With the victory, the Rays moved to 11 games over .500 to remain five games behind the American League East-leading Yankees.
Cobb delivered his fourth consecutive quality start, allowing one run on four hits with five strikeouts over seven innings. Rays starters are now 11-1 with a 1.72 ERA with 88 strikeouts in their last 15 games.
"I think Cobb was really the key," Rays manager Joe Maddon said. "Cobber was very good. And, as is typical for him, he's got better as the game was in progress. I thought his last two innings were his best again. He gets into a rhythm and all of a sudden starts making pitches. The curveball was outstanding again. And then the changeup, the depth at the end of the game before we took him out."
Cobb threw first-pitch strikes to the first 20 batters he faced.
"I was trying to attack the zone early and get ahead be able to expand the zone later in the counts," Cobb explained.

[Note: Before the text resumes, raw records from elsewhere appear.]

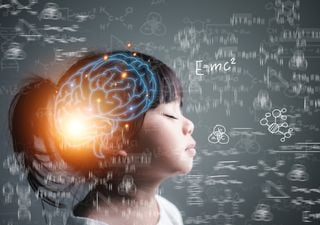 A los 9, 32, 66 y 83 años, el cerebro da un giro: unos científicos de Cambridge explican qué significa para tu mente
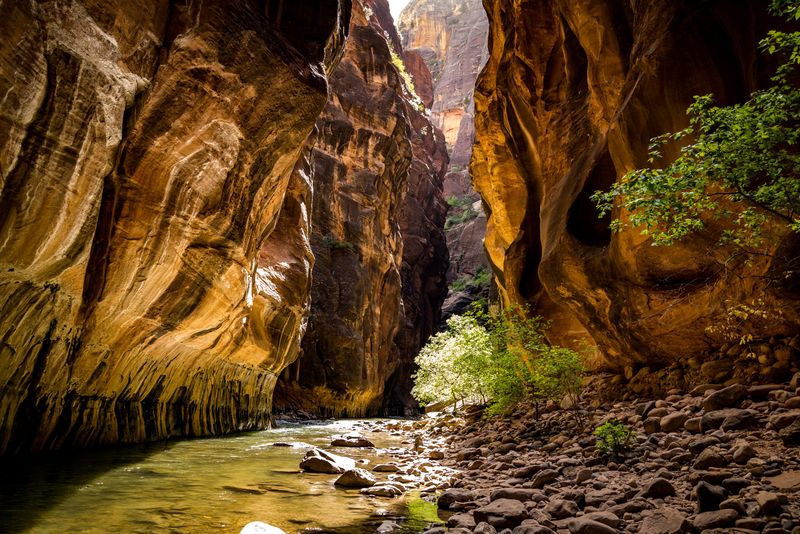 Keep Summer Hikes Short Near Canyon Walls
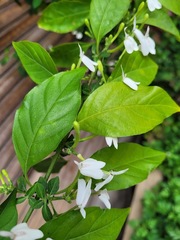 Rhinacanthus nasutus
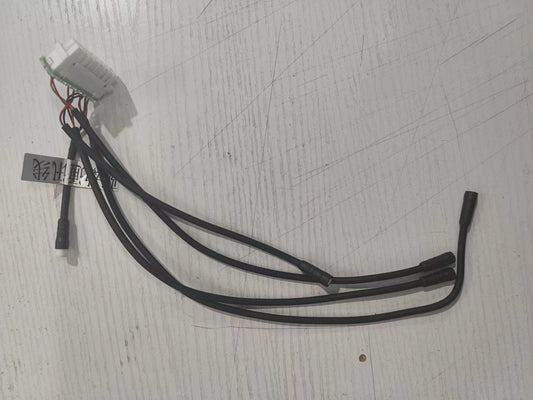INMOTION RS Cable T.LR1-1104000031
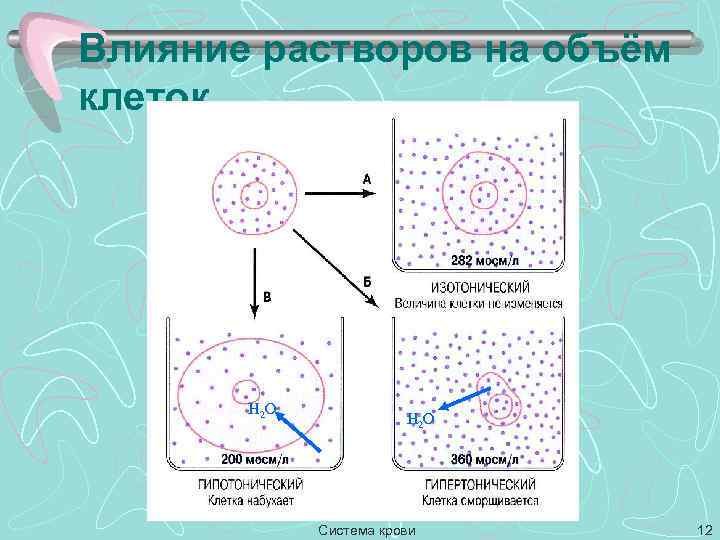 Влияние растворов на объём клеток H 2 O Система крови 12 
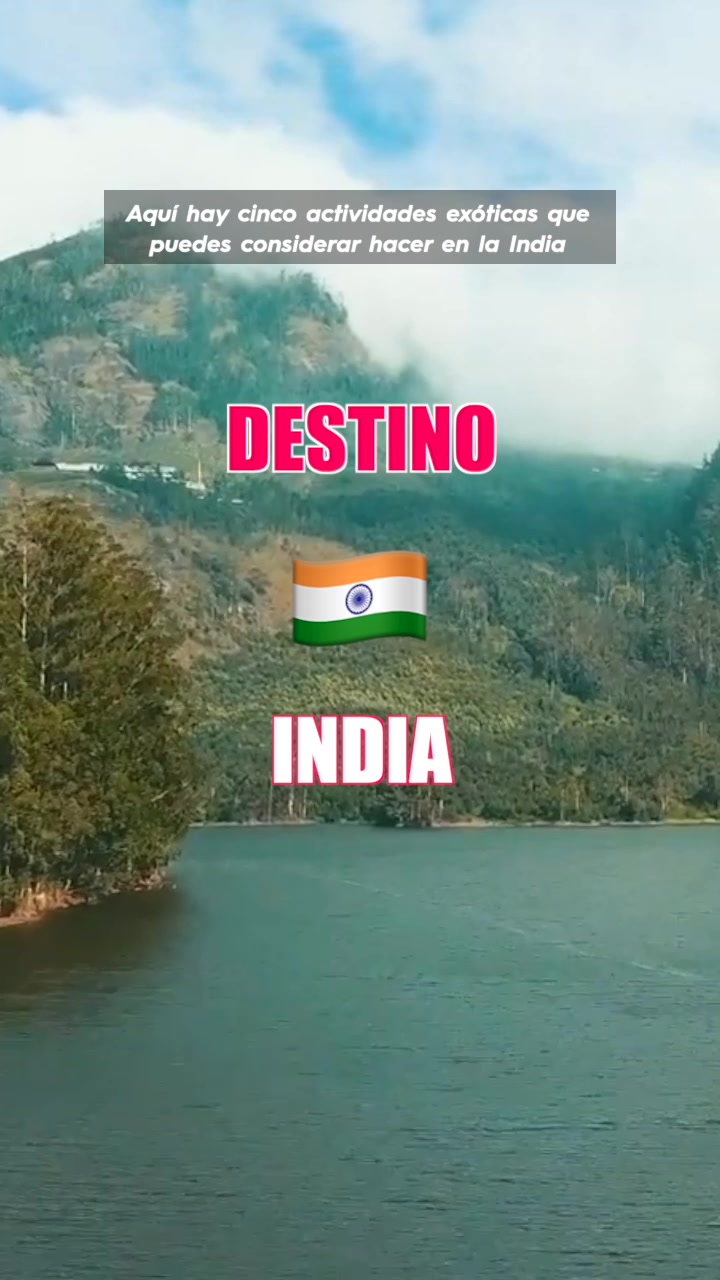 Aquí hay cinco actividades exóticas que puedes considerar hacer en la India  DESTINO  INDIA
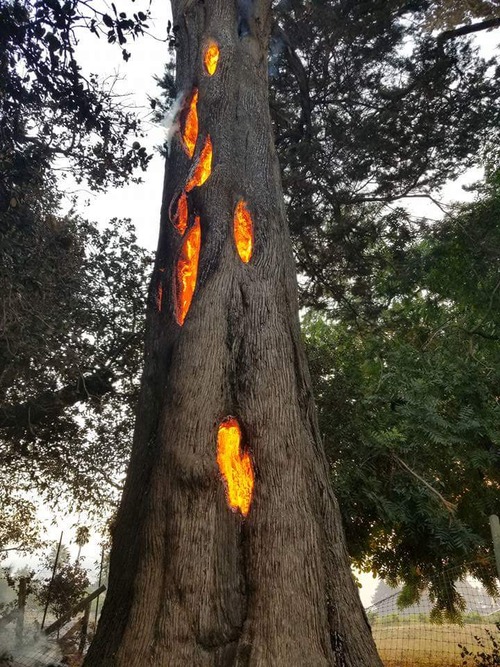 カリフォルニア北部の山火事で燃えている木01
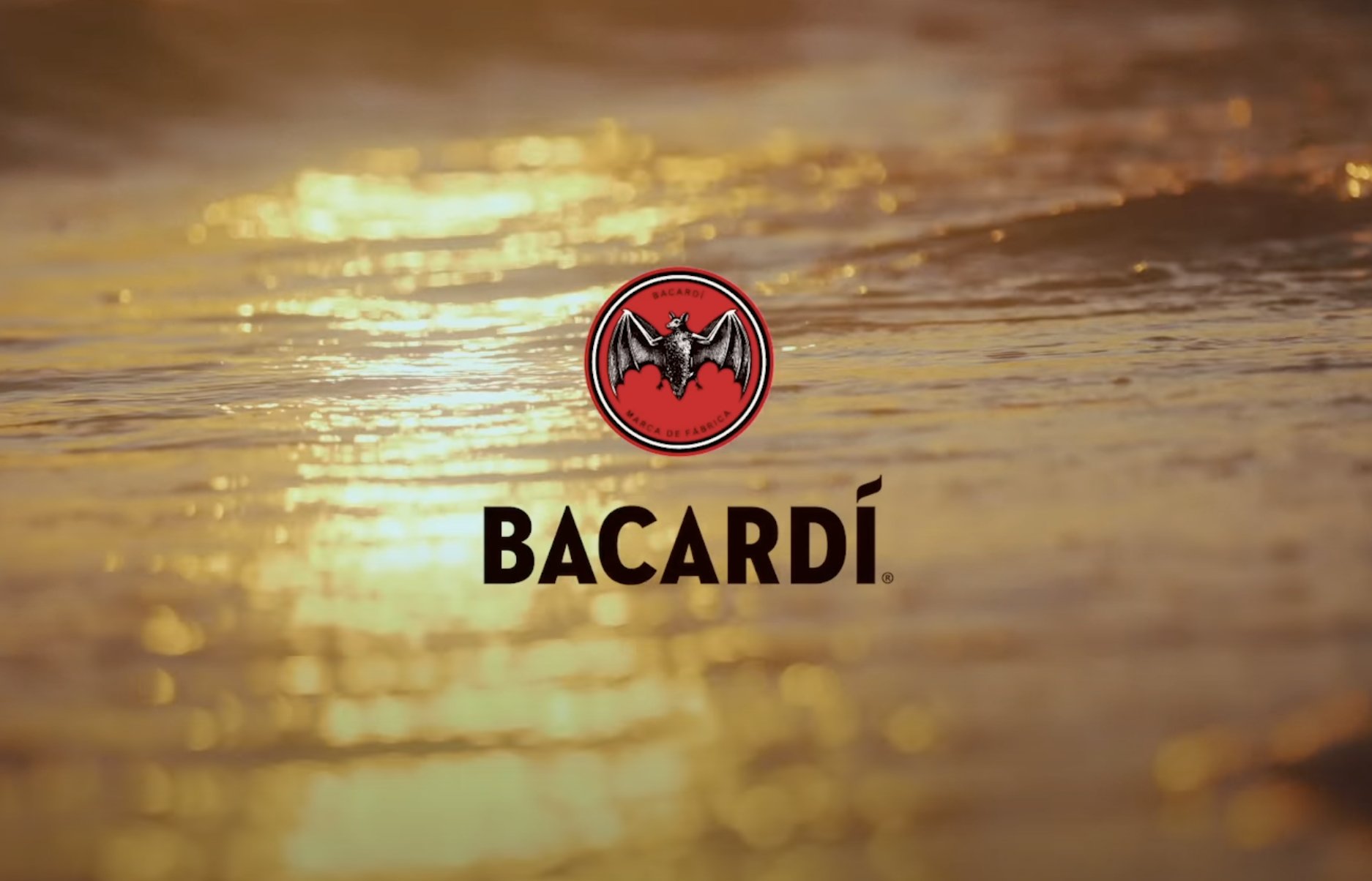 【非売品　新品未開封品】Bacardi　バカルディ　ロゴ入り限定パナマハット 非売品 新品未開封品】Bacardi バカルディ ロゴ入り限定パナマ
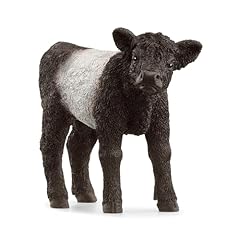 Schleich 13969 galloway gebraucht kaufen  Wird an jeden Ort in Deutschland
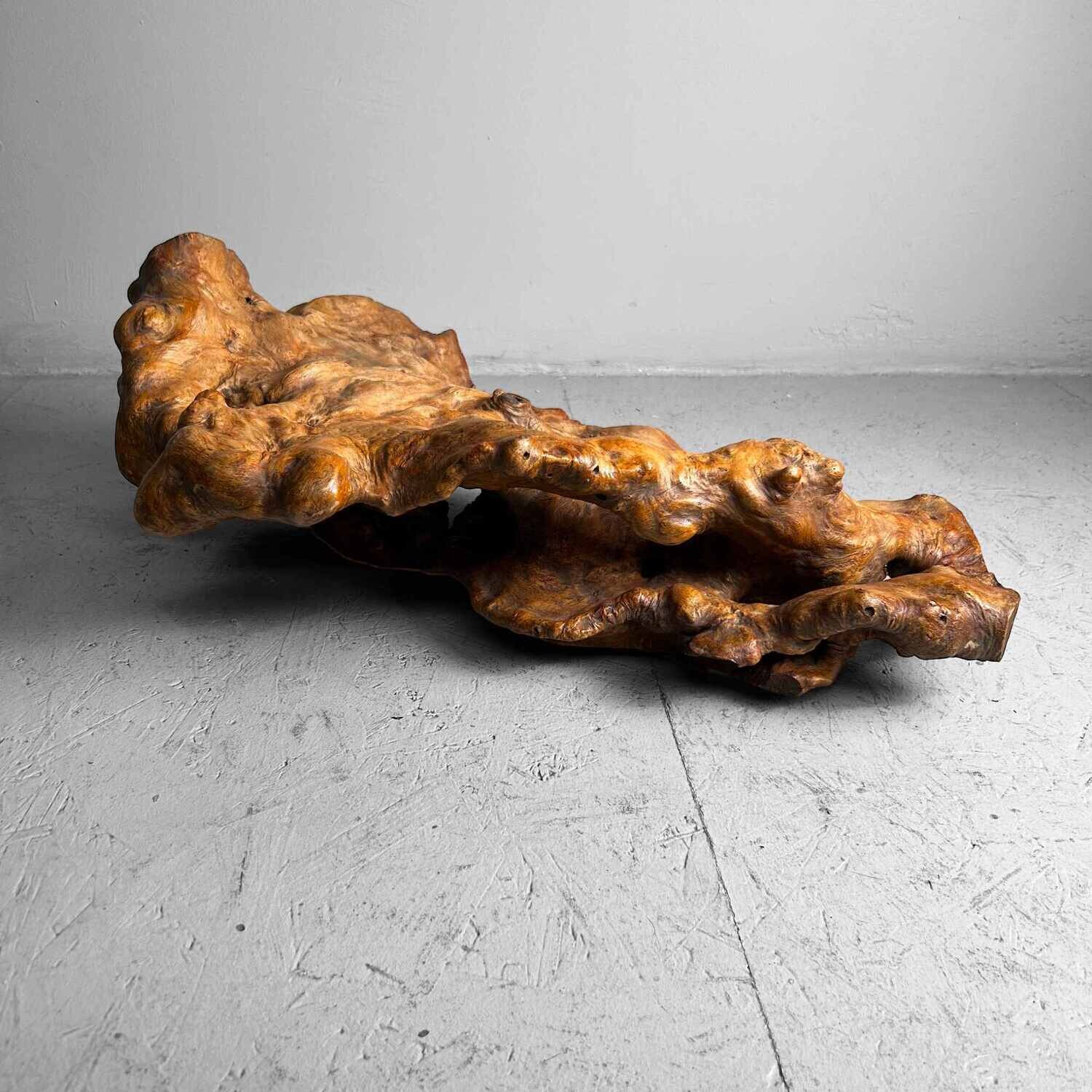 Decorative Yakusugi (屋久杉​)​ Burl Wood from Japan, 1950s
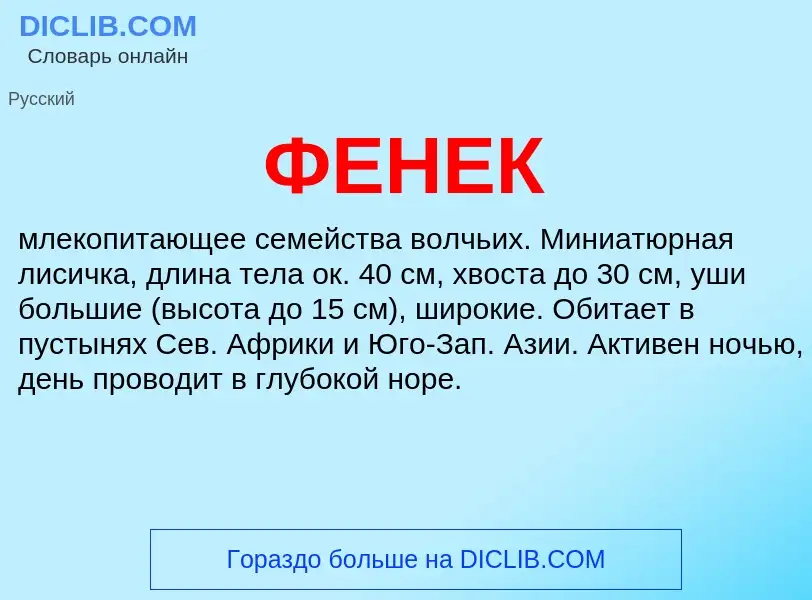 Wat is ФЕНЕК - definition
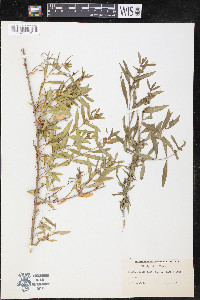 Heimia salicifolia image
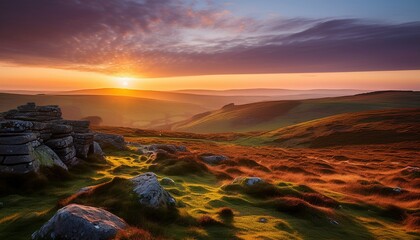 dartmoor dawn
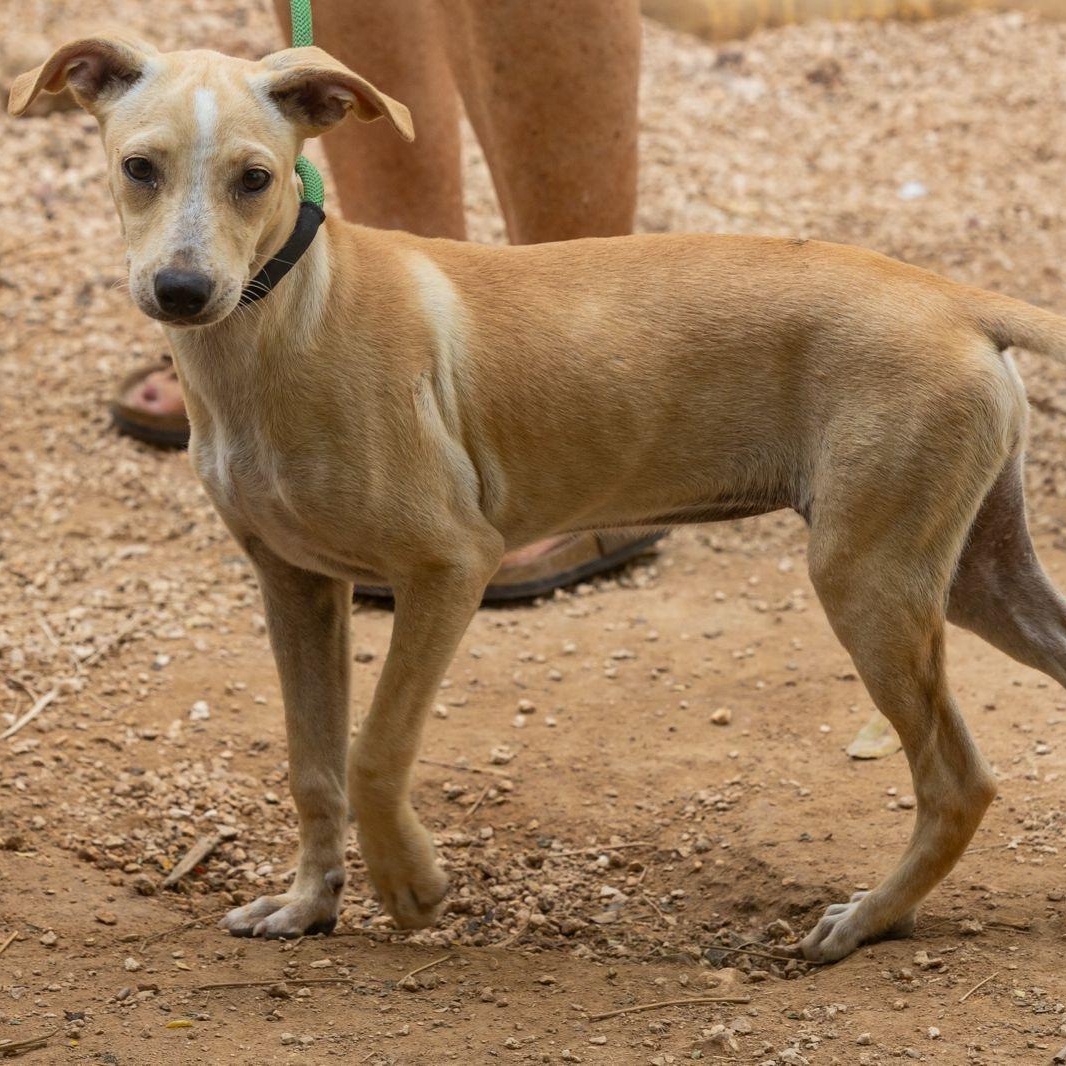 Enlarge Olivia, a ADOPTABLE mixed breed in New York, NY image 6/6
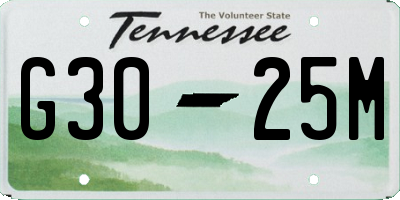 TN license plate G3025M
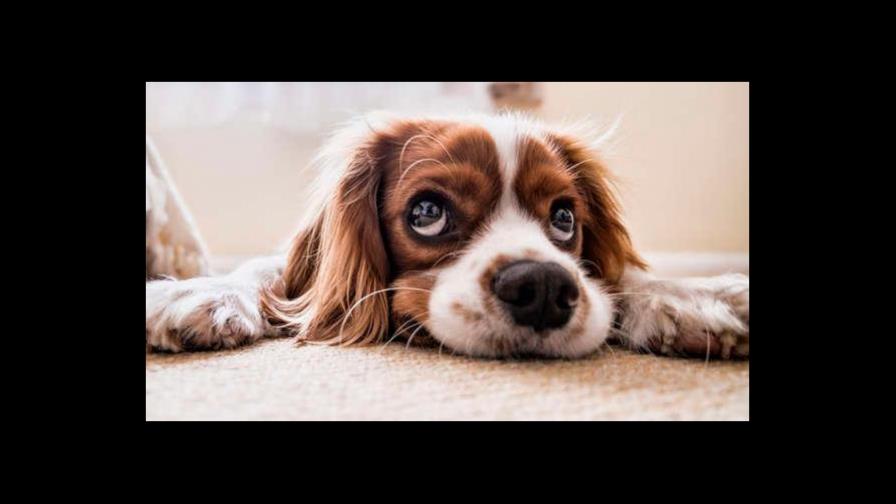 ¿Cómo se si a mi perro le duele algo? ¿Cómo se si a mi perro le duele algo?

The only blemish on Cobb's line came in the fifth, when Trayvon Robinson tripled to open the inning and scored on Eric Thames' single. Rays catcher Jose Molina helped defuse a potential big inning by picking off Thames at first base for the first out.
Mariners manager Eric Wedge stated the obvious when he said his club "never really got anything going."
"Their kid threw a good ballgame, just had a sharp breaking ball, did a good job with his fastball," Wedge said. "Thought he commanded the baseball pretty good, as well."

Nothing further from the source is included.